[WHAT YOU HAVE TO DO] Excluding pictures, retype exactly the lines from the one with "Kitchen Wall Cabinet" through the end of the records that follow.

[INPUT DATA]
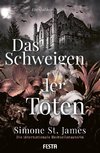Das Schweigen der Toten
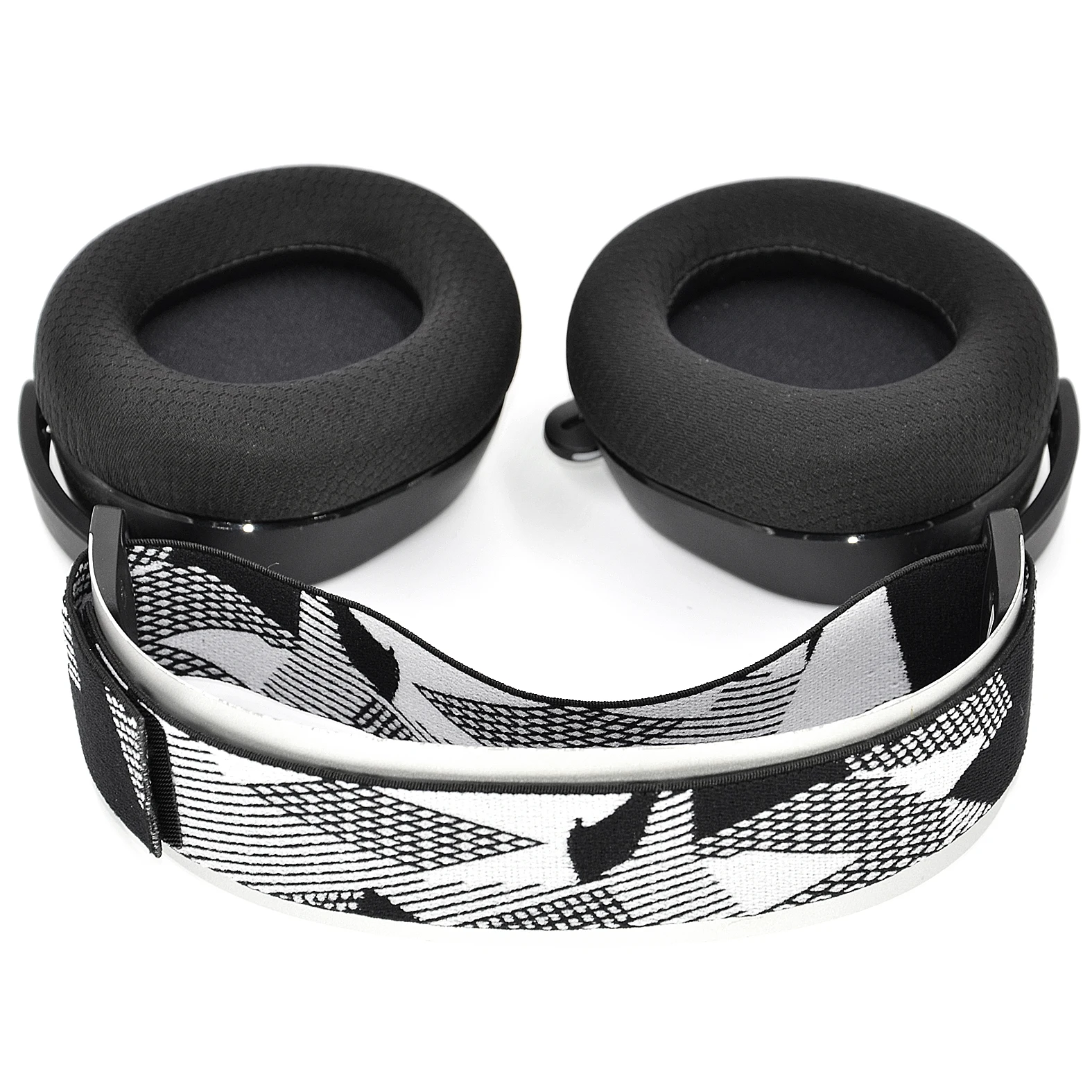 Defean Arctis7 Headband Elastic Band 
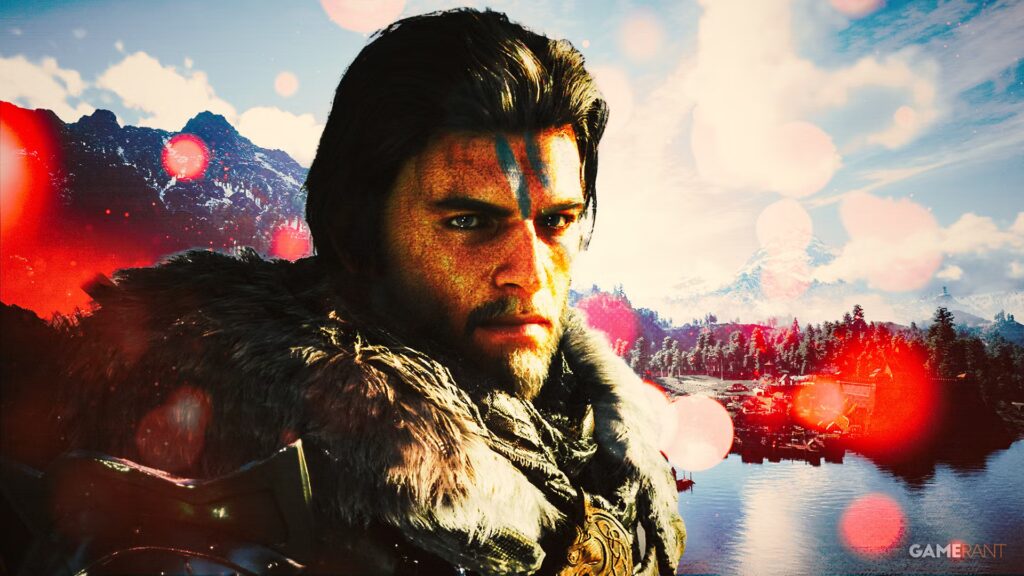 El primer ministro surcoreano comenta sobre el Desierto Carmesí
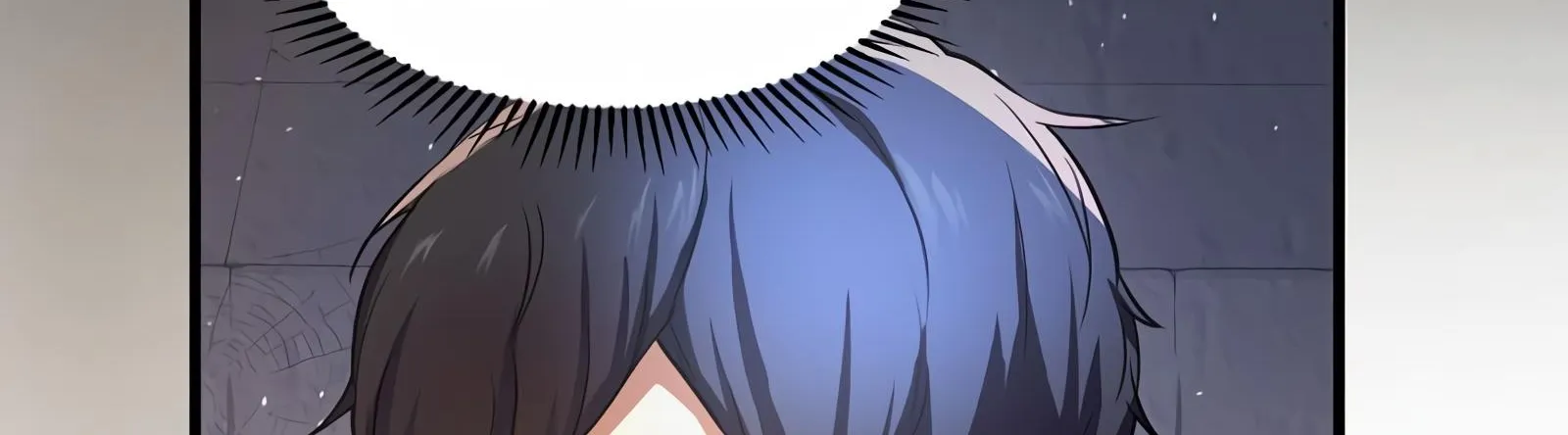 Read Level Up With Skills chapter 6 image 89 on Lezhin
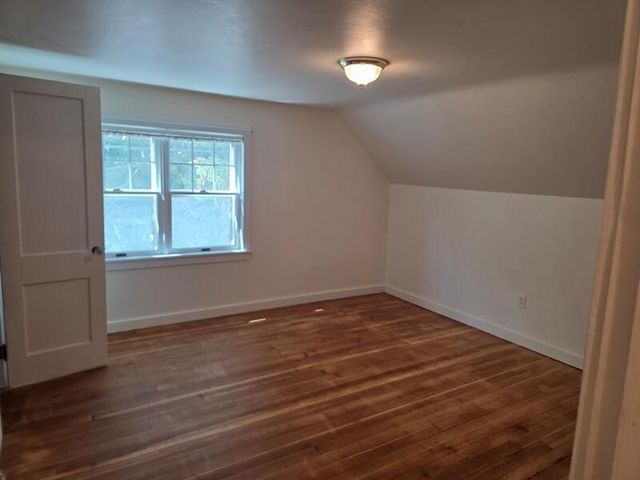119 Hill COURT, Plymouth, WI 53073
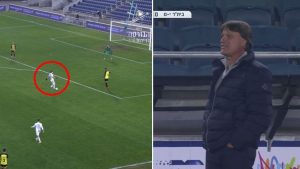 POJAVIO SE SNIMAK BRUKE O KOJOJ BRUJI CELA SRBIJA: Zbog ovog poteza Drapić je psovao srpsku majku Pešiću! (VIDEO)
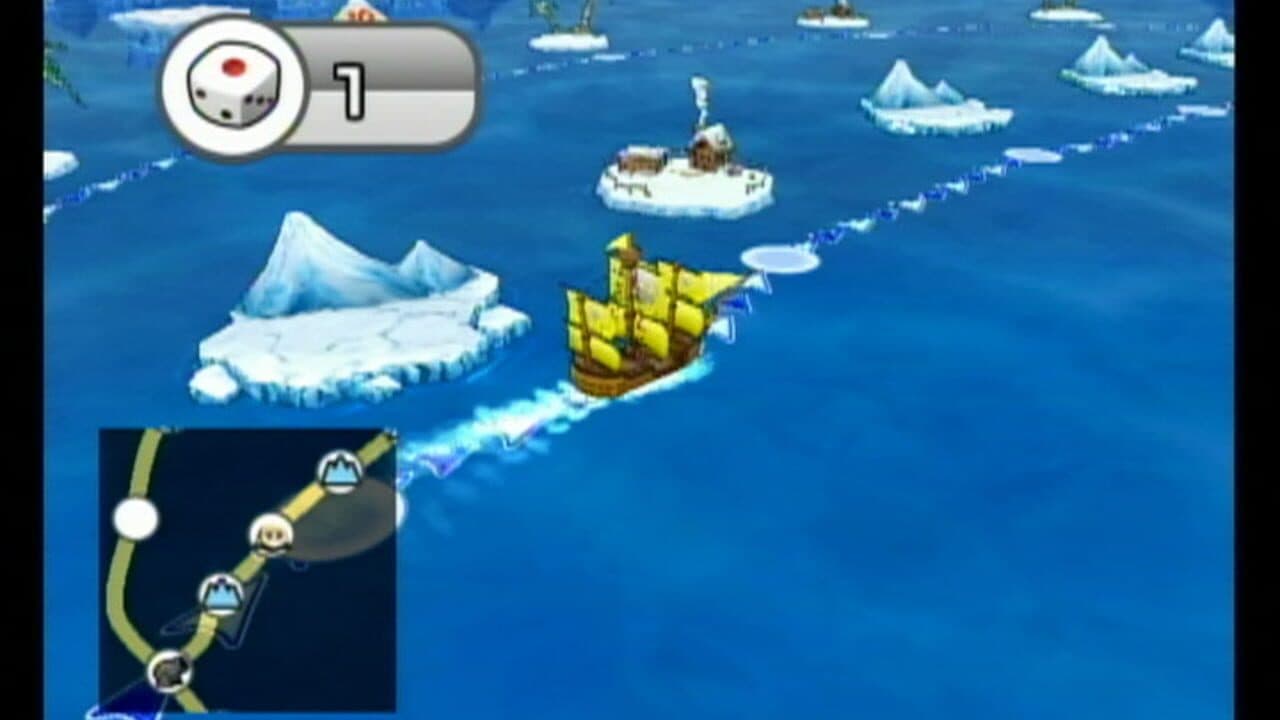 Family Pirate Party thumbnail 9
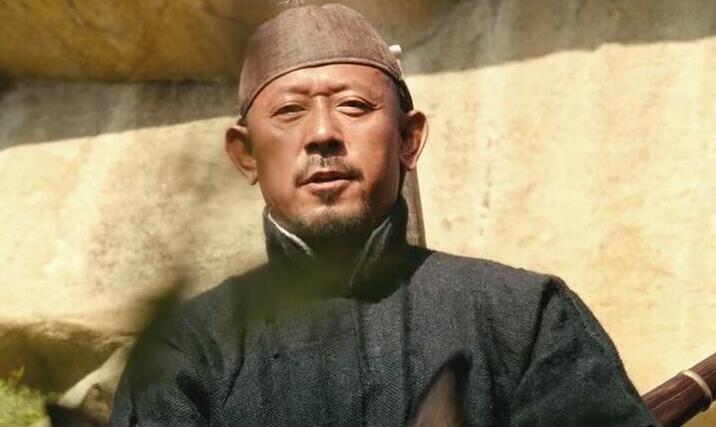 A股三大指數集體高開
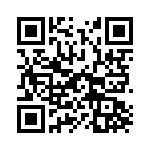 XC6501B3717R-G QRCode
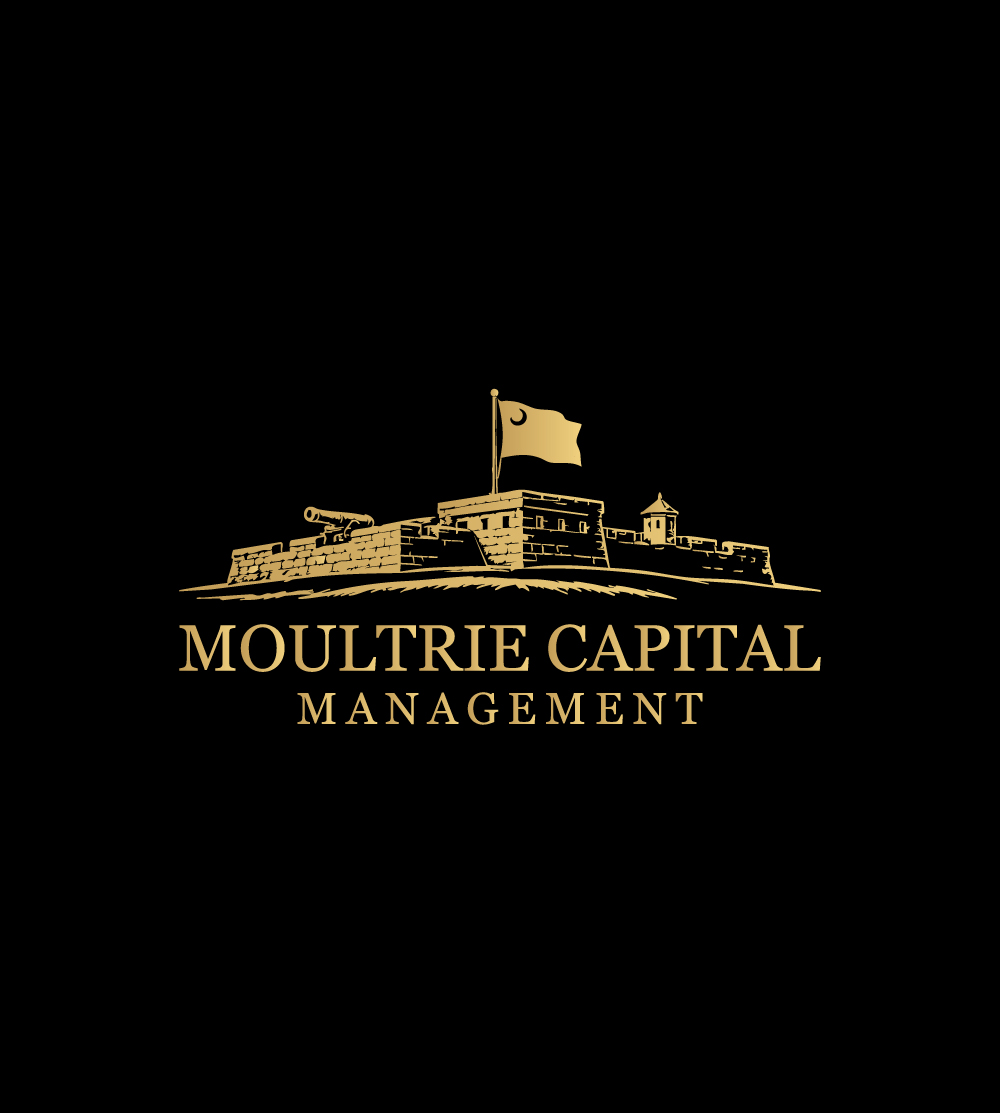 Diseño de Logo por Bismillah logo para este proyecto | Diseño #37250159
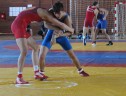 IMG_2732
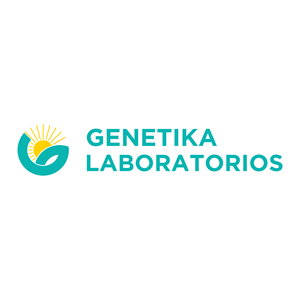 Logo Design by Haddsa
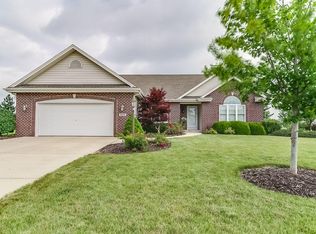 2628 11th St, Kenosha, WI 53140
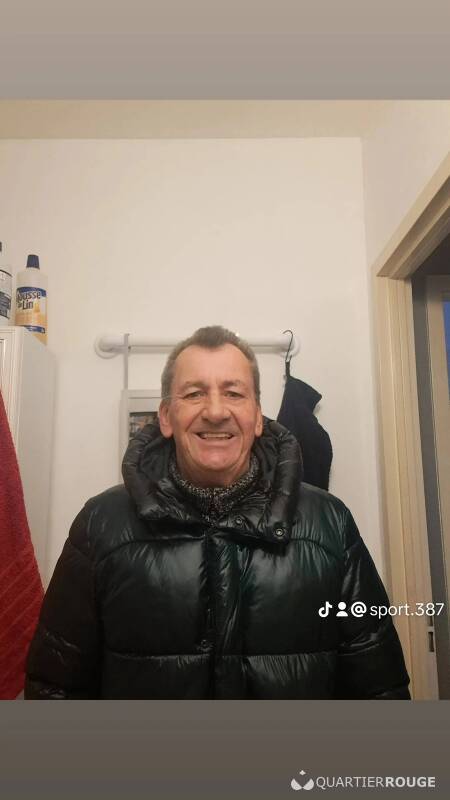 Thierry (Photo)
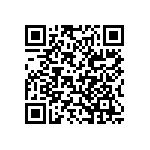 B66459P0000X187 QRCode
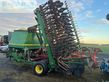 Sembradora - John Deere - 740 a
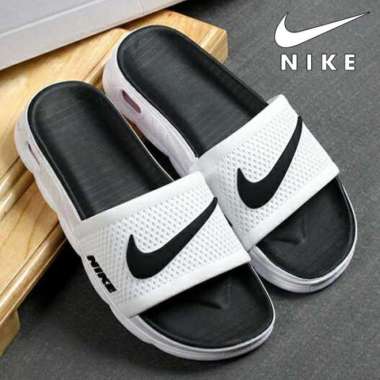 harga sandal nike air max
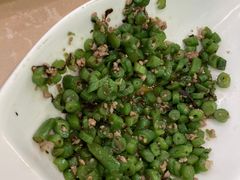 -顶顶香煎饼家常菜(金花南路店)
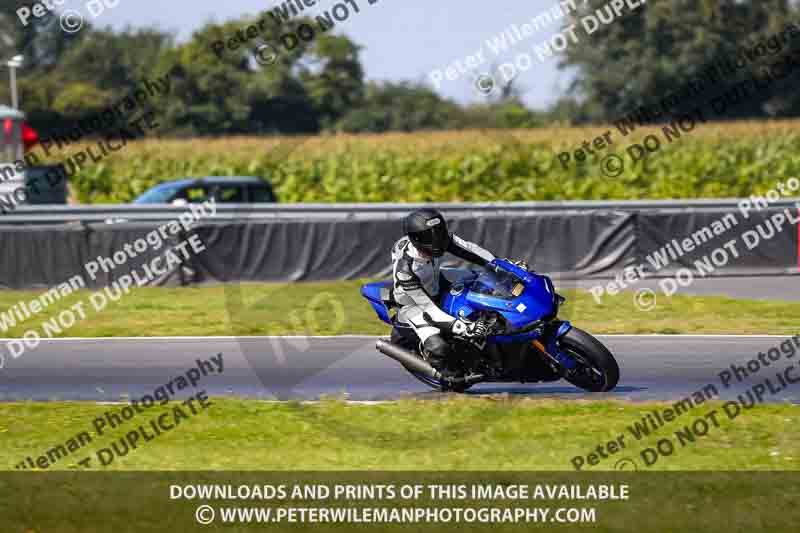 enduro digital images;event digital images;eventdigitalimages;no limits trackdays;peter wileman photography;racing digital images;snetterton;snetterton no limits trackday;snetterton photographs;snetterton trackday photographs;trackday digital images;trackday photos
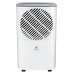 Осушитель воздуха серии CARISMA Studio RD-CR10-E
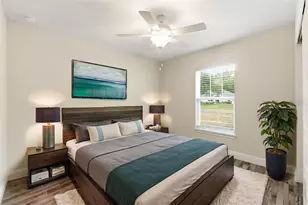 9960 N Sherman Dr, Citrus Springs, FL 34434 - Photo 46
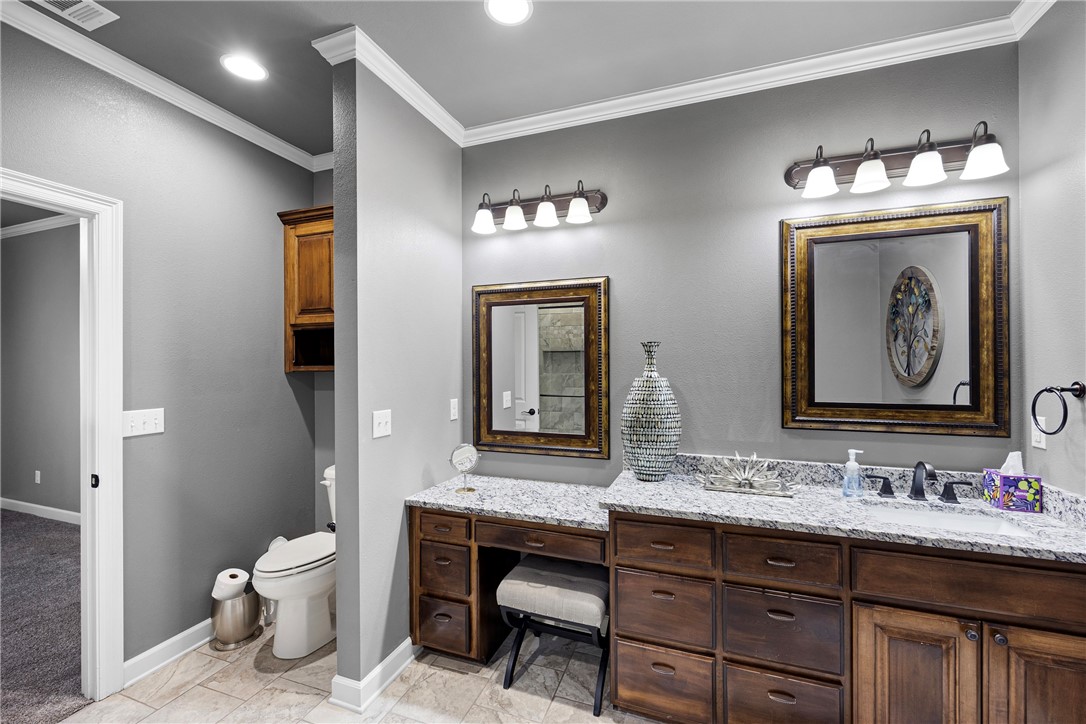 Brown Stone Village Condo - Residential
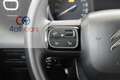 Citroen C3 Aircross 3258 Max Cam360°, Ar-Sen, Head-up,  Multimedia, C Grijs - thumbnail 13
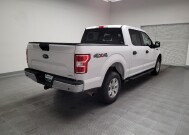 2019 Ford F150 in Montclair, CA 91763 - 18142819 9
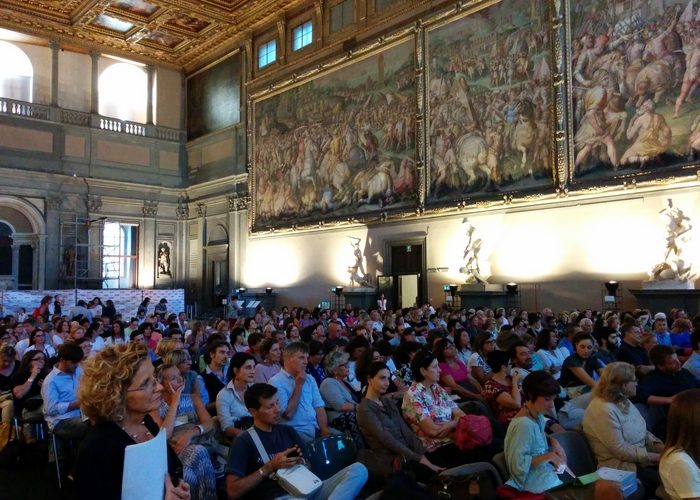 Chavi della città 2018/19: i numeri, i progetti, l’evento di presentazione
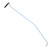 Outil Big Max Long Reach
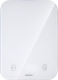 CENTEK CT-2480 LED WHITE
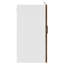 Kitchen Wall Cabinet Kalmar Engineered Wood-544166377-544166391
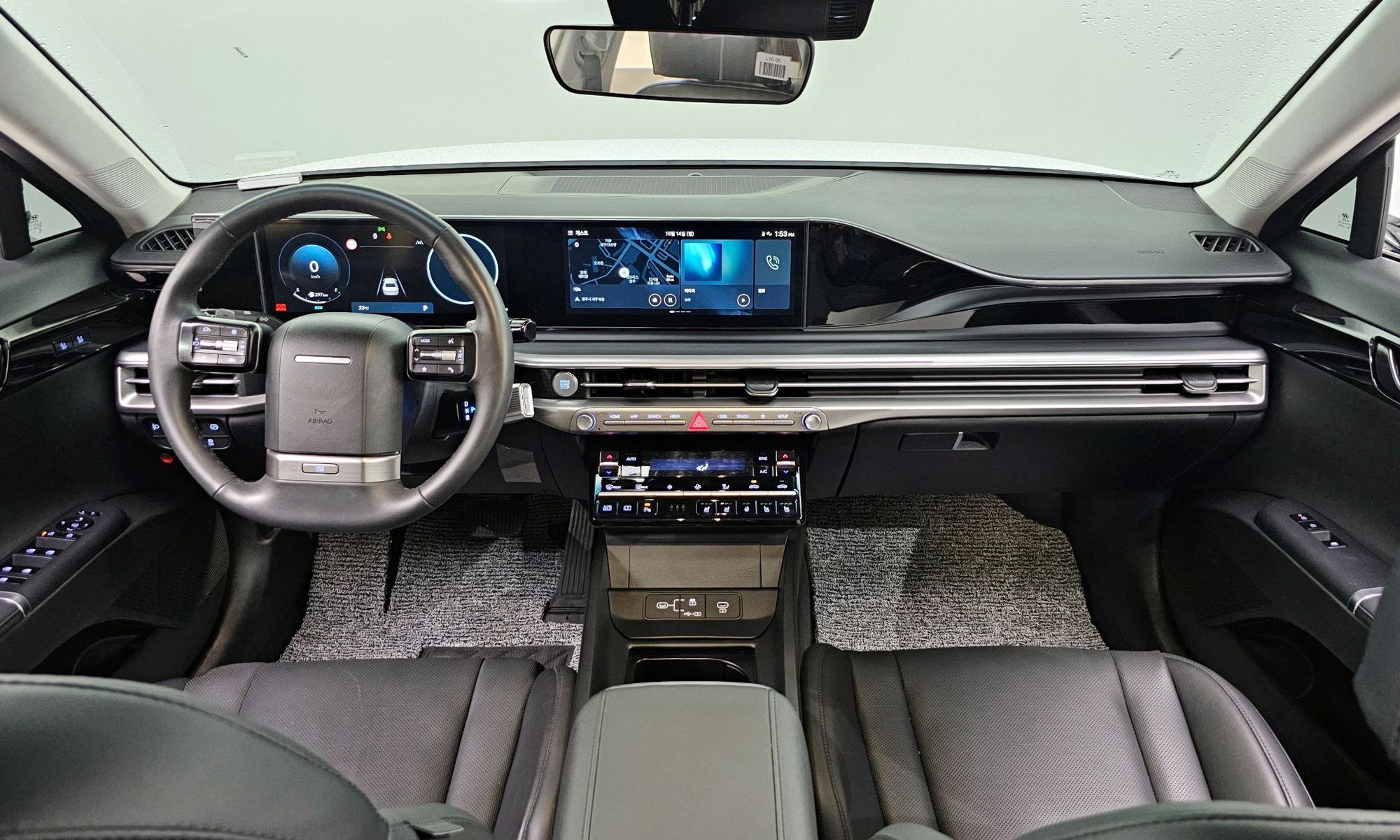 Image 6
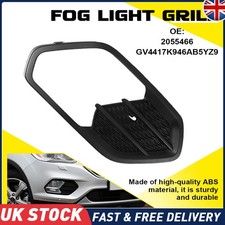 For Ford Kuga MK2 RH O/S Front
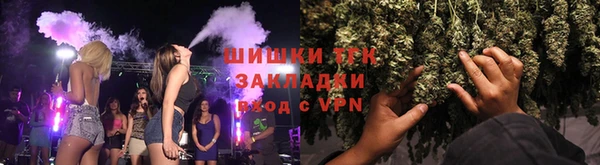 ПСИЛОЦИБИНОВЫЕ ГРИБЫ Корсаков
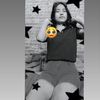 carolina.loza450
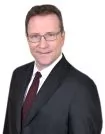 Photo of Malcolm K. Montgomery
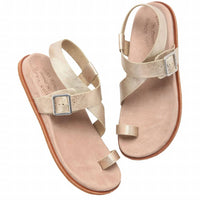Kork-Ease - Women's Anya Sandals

[REPLY]
 Kitchen Wall Cabinet Kalmar Engineered Wood-544166377-544166391
 Image 6
 For Ford Kuga MK2 RH O/S Front
 ПСИЛОЦИБИНОВЫЕ ГРИБЫ Корсаков
 carolina.loza450
 Photo of Malcolm K. Montgomery
Kork-Ease - Women's Anya Sandals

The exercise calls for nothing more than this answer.